| Data for this exercise |
========================================
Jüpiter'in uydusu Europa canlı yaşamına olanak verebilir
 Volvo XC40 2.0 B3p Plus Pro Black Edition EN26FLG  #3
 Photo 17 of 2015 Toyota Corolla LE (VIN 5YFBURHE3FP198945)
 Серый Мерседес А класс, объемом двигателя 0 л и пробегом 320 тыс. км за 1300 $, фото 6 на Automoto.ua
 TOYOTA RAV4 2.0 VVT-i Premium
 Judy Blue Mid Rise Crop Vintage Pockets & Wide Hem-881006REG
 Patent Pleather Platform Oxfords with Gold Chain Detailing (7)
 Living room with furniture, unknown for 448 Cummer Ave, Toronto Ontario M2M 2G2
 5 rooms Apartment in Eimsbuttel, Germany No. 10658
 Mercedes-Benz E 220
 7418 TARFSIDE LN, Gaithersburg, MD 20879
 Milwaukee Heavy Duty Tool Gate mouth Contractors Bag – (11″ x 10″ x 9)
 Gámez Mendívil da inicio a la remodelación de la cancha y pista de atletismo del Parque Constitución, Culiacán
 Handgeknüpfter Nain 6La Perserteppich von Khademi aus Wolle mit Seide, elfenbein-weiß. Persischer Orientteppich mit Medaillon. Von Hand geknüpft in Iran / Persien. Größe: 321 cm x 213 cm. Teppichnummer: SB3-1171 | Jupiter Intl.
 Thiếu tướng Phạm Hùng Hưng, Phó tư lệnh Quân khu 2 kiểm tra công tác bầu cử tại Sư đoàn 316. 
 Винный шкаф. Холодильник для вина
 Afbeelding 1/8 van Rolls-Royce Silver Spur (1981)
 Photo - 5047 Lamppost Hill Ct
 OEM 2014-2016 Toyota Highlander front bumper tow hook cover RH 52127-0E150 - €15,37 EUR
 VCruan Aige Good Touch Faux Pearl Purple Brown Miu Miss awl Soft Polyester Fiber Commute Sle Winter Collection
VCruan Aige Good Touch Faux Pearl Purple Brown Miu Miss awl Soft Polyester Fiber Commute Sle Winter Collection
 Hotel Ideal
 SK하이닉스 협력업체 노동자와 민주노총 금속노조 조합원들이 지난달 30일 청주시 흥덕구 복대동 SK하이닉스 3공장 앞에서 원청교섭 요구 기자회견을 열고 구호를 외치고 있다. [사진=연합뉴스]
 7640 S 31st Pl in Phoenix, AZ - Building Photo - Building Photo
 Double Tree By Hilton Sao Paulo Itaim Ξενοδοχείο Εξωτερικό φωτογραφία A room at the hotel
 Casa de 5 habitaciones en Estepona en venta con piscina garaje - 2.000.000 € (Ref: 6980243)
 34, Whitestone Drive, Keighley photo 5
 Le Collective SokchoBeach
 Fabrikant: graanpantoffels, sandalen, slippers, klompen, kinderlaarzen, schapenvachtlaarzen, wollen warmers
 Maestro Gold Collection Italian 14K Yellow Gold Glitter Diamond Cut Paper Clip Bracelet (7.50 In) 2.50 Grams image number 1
========================================
| Task statement |
Find the string "Faux" in the entries above and return each line that holds it.

| Answer box |
 VCruan Aige Good Touch Faux Pearl Purple Brown Miu Miss awl Soft Polyester Fiber Commute Sle Winter Collection
VCruan Aige Good Touch Faux Pearl Purple Brown Miu Miss awl Soft Polyester Fiber Commute Sle Winter Collection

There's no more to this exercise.